Of course, you don’t have to put so many different ingredients in your cookies. Let me explain: dried cranberries, chopped hazelnuts and sliced almonds were all “what was left” in my cupboard. Altogether they made 2.5 dl (1 cup) and that’s why I used them all. Alternatively, you can just use 1 of these or 2, if you are going to buy the ingredients for this recipe from scratch, or if you have more at home than I did.
I was suspicious about what the result would be, to be honest. I am not always the biggest fan of using too many different ingredients. Sometimes all those individually delicious ingredients may not make a meaningful combination. Also, I am still not very confident about my baking skills. So I waited anxiously in front of the oven for the first batch.
And then, the cookies turned out to be delicious! I baked each batch (3 batches overall) for different amount of time to see the differences in end product. The less they baked, the chewier and nicer they turned out to be, so this will be my baking time for these cookies from now on. I took a few of the cookies to my hairdresser next day when I went there for colouring and she loved the cookies too so it is well tested! Yum yum yum!
Difficulty: ★☆☆ (Easy)
(makes about 25-27 cookies, each small walnut size)
1.5 dl + 2 tbsp (or 3/4 cup) canola oil
1/2 dl + 2 tbsp (or 1/3 cup) organic granulated white sugar
1.5 dl + 2 tbsp (or 3/4 cup) brown sugar
1.25 dl (or 1/2 cup) oat milk
2.5 dl (or 1 cup) all-purpose flour
1/2 tsp baking soda
1/2 tsp ground cinnamon
1/4 tsp ground ginger
1/4 tsp ground cloves
1/4 tsp ground nutmeg
5 dl (or 2 cups) rolled oats
2.5 dl (or 1 cup) desiccated coconut
2.5 dl mixture of: dried cranberries, chopped hazelnuts and sliced almonds (you can use only 1 or 2 of these as well if you like, provided that you still 2.5 dl of ingredients)
1. Preheat the oven to 180C. Prepare a few oven trays (I used 3) with a baking paper on each and put aside.
2. In a mixing bowl, put canola oil and both of sugars and beat until they are well mixed, in medium speed.
3. Add oat milk and continue beating.
4. Add flour, baking soda, cinnamon, ginger, cloves and nutmeg and continue beating.
5. Scrape the sides of the bowl if needed and continue beating.
6. Add rolled oats, desiccated coconut and cranberry-nut mixture and beat again until all ingredients are incorporated.
7. Scrape the sides of the bowl if needed.

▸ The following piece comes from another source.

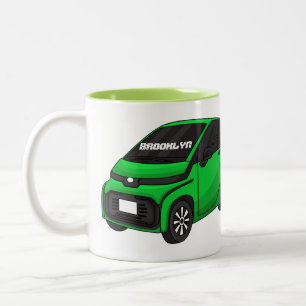 Tasse 2 Couleurs Petite voiture verte mignonne de taille micro
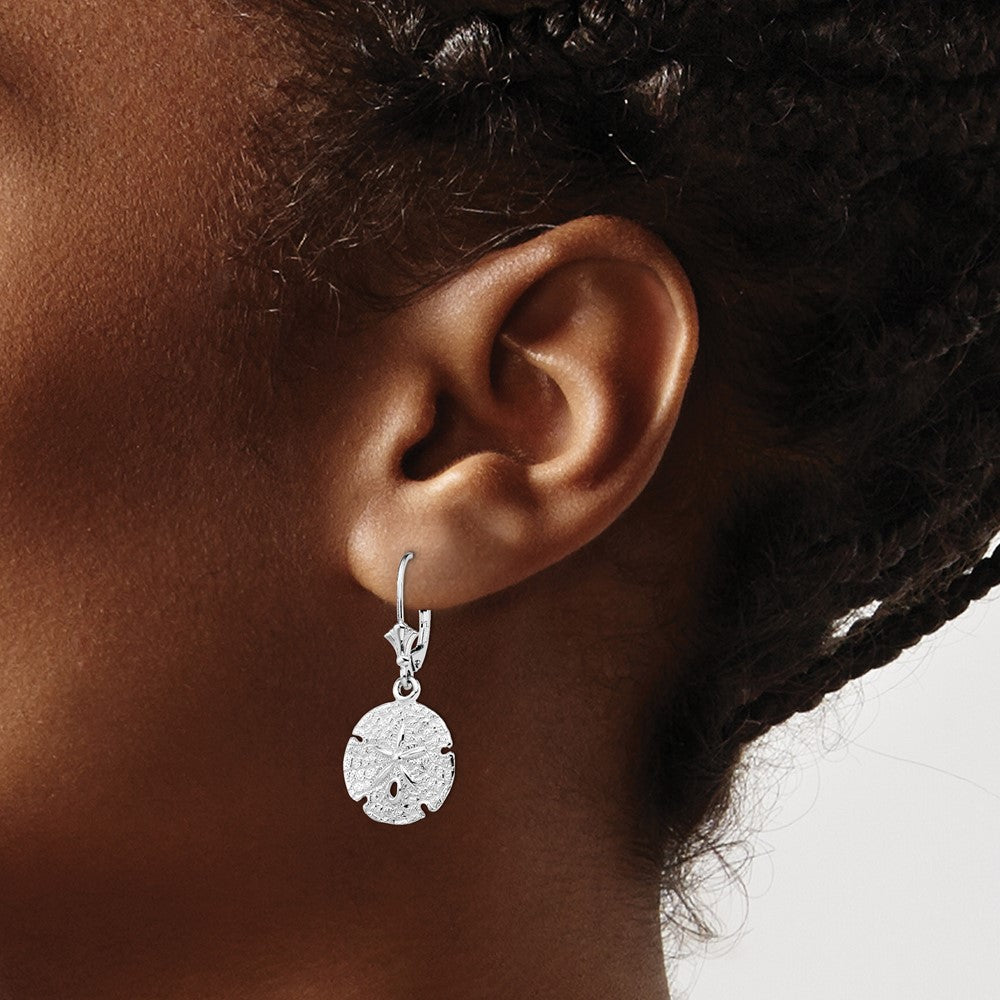 QE15576 De-Ani Sterling Silver Rhodium-Plated Polished Sand Dollar Leverback Earrings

8. Take about a walnut size from the cookie dough and turn into a bowl, then press a little bit on top. Put on the baking paper with 2 cm distance in between each cookie. Bake each batch separately in the oven, in medium rack, for about 12 minutes, until the cookies are slightly browned. The more you leave in the oven, the harder they will get, I found that in my oven 12 minutes was the best. You might want to check already at 10 minutes mark to see how it’s going inside. Let the cookies cool down a bit before transferring to a wire rack to cool totally. You can eat them when they are very fresh, with some fresh tea or coffee or you can store them in an airtight container up to 5 days. Enjoy!